__TASK INSTRUCTIONS__.
Return every entry exactly as written.

__INFORMATION__.
┌────────

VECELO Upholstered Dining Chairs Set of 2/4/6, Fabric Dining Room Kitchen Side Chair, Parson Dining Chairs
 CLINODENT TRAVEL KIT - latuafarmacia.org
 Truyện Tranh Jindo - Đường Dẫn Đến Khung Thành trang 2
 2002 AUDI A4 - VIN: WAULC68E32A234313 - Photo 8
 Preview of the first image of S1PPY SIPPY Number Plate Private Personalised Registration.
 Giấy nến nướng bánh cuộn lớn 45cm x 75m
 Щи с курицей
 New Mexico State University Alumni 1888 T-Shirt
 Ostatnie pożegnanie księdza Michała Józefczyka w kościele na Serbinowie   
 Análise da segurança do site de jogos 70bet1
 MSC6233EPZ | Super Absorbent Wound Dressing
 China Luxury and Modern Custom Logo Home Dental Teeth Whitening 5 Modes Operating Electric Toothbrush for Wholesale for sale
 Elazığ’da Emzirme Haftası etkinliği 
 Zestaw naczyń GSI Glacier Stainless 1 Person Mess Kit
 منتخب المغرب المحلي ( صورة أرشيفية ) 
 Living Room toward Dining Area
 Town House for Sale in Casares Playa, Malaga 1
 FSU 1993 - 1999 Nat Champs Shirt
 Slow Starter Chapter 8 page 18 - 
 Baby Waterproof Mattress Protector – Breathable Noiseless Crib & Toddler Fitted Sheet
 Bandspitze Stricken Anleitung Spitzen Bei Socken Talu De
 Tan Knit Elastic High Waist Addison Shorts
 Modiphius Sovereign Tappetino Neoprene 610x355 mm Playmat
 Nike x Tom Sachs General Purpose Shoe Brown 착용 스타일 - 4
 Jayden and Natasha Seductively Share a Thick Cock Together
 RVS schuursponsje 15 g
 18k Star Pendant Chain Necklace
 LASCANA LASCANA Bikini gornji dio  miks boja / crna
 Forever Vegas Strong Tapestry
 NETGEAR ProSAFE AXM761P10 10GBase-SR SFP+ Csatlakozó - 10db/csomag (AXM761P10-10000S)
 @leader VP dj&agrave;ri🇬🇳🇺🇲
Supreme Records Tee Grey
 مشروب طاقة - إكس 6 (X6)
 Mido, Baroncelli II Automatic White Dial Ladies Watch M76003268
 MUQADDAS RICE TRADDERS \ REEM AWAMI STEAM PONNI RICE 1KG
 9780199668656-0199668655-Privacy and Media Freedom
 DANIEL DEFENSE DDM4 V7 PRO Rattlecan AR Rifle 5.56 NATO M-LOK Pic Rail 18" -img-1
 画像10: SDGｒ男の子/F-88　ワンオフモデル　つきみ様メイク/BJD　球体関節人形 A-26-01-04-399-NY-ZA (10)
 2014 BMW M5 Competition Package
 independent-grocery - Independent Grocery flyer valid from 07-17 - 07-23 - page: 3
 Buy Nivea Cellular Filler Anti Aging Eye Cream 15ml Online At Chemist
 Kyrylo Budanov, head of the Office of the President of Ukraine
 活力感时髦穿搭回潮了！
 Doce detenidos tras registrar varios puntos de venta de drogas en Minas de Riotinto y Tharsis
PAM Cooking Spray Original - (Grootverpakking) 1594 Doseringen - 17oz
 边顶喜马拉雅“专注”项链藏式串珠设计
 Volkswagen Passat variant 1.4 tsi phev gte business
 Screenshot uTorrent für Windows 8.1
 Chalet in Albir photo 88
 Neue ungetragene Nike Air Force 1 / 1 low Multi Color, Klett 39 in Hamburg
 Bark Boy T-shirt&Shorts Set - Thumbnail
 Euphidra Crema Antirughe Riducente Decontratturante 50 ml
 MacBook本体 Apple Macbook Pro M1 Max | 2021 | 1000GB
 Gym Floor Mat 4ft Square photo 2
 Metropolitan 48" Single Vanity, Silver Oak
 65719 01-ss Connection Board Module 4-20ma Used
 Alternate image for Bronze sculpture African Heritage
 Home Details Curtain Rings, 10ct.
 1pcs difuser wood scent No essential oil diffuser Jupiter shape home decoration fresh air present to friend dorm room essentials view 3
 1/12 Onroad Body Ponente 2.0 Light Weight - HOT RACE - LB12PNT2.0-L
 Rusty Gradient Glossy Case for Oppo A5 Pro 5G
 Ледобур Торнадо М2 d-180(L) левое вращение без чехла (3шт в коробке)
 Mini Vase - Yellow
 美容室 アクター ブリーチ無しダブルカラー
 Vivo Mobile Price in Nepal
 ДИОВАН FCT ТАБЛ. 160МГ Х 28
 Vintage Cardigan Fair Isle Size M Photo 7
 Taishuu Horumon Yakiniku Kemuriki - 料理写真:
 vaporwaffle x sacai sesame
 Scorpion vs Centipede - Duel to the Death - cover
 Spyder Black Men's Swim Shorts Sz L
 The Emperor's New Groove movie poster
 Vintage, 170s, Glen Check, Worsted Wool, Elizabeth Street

└────────

__RESPONSE BOX__.
VECELO Upholstered Dining Chairs Set of 2/4/6, Fabric Dining Room Kitchen Side Chair, Parson Dining Chairs
 CLINODENT TRAVEL KIT - latuafarmacia.org
 Truyện Tranh Jindo - Đường Dẫn Đến Khung Thành trang 2
 2002 AUDI A4 - VIN: WAULC68E32A234313 - Photo 8
 Preview of the first image of S1PPY SIPPY Number Plate Private Personalised Registration.
 Giấy nến nướng bánh cuộn lớn 45cm x 75m
 Щи с курицей
 New Mexico State University Alumni 1888 T-Shirt
 Ostatnie pożegnanie księdza Michała Józefczyka w kościele na Serbinowie   
 Análise da segurança do site de jogos 70bet1
 MSC6233EPZ | Super Absorbent Wound Dressing
 China Luxury and Modern Custom Logo Home Dental Teeth Whitening 5 Modes Operating Electric Toothbrush for Wholesale for sale
 Elazığ’da Emzirme Haftası etkinliği 
 Zestaw naczyń GSI Glacier Stainless 1 Person Mess Kit
 منتخب المغرب المحلي ( صورة أرشيفية ) 
 Living Room toward Dining Area
 Town House for Sale in Casares Playa, Malaga 1
 FSU 1993 - 1999 Nat Champs Shirt
 Slow Starter Chapter 8 page 18 - 
 Baby Waterproof Mattress Protector – Breathable Noiseless Crib & Toddler Fitted Sheet
 Bandspitze Stricken Anleitung Spitzen Bei Socken Talu De
 Tan Knit Elastic High Waist Addison Shorts
 Modiphius Sovereign Tappetino Neoprene 610x355 mm Playmat
 Nike x Tom Sachs General Purpose Shoe Brown 착용 스타일 - 4
 Jayden and Natasha Seductively Share a Thick Cock Together
 RVS schuursponsje 15 g
 18k Star Pendant Chain Necklace
 LASCANA LASCANA Bikini gornji dio  miks boja / crna
 Forever Vegas Strong Tapestry
 NETGEAR ProSAFE AXM761P10 10GBase-SR SFP+ Csatlakozó - 10db/csomag (AXM761P10-10000S)
 @leader VP dj&agrave;ri🇬🇳🇺🇲
Supreme Records Tee Grey
 مشروب طاقة - إكس 6 (X6)
 Mido, Baroncelli II Automatic White Dial Ladies Watch M76003268
 MUQADDAS RICE TRADDERS \ REEM AWAMI STEAM PONNI RICE 1KG
 9780199668656-0199668655-Privacy and Media Freedom
 DANIEL DEFENSE DDM4 V7 PRO Rattlecan AR Rifle 5.56 NATO M-LOK Pic Rail 18" -img-1
 画像10: SDGｒ男の子/F-88　ワンオフモデル　つきみ様メイク/BJD　球体関節人形 A-26-01-04-399-NY-ZA (10)
 2014 BMW M5 Competition Package
 independent-grocery - Independent Grocery flyer valid from 07-17 - 07-23 - page: 3
 Buy Nivea Cellular Filler Anti Aging Eye Cream 15ml Online At Chemist
 Kyrylo Budanov, head of the Office of the President of Ukraine
 活力感时髦穿搭回潮了！
 Doce detenidos tras registrar varios puntos de venta de drogas en Minas de Riotinto y Tharsis
PAM Cooking Spray Original - (Grootverpakking) 1594 Doseringen - 17oz
 边顶喜马拉雅“专注”项链藏式串珠设计
 Volkswagen Passat variant 1.4 tsi phev gte business
 Screenshot uTorrent für Windows 8.1
 Chalet in Albir photo 88
 Neue ungetragene Nike Air Force 1 / 1 low Multi Color, Klett 39 in Hamburg
 Bark Boy T-shirt&Shorts Set - Thumbnail
 Euphidra Crema Antirughe Riducente Decontratturante 50 ml
 MacBook本体 Apple Macbook Pro M1 Max | 2021 | 1000GB
 Gym Floor Mat 4ft Square photo 2
 Metropolitan 48" Single Vanity, Silver Oak
 65719 01-ss Connection Board Module 4-20ma Used
 Alternate image for Bronze sculpture African Heritage
 Home Details Curtain Rings, 10ct.
 1pcs difuser wood scent No essential oil diffuser Jupiter shape home decoration fresh air present to friend dorm room essentials view 3
 1/12 Onroad Body Ponente 2.0 Light Weight - HOT RACE - LB12PNT2.0-L
 Rusty Gradient Glossy Case for Oppo A5 Pro 5G
 Ледобур Торнадо М2 d-180(L) левое вращение без чехла (3шт в коробке)
 Mini Vase - Yellow
 美容室 アクター ブリーチ無しダブルカラー
 Vivo Mobile Price in Nepal
 ДИОВАН FCT ТАБЛ. 160МГ Х 28
 Vintage Cardigan Fair Isle Size M Photo 7
 Taishuu Horumon Yakiniku Kemuriki - 料理写真:
 vaporwaffle x sacai sesame
 Scorpion vs Centipede - Duel to the Death - cover
 Spyder Black Men's Swim Shorts Sz L
 The Emperor's New Groove movie poster
 Vintage, 170s, Glen Check, Worsted Wool, Elizabeth Street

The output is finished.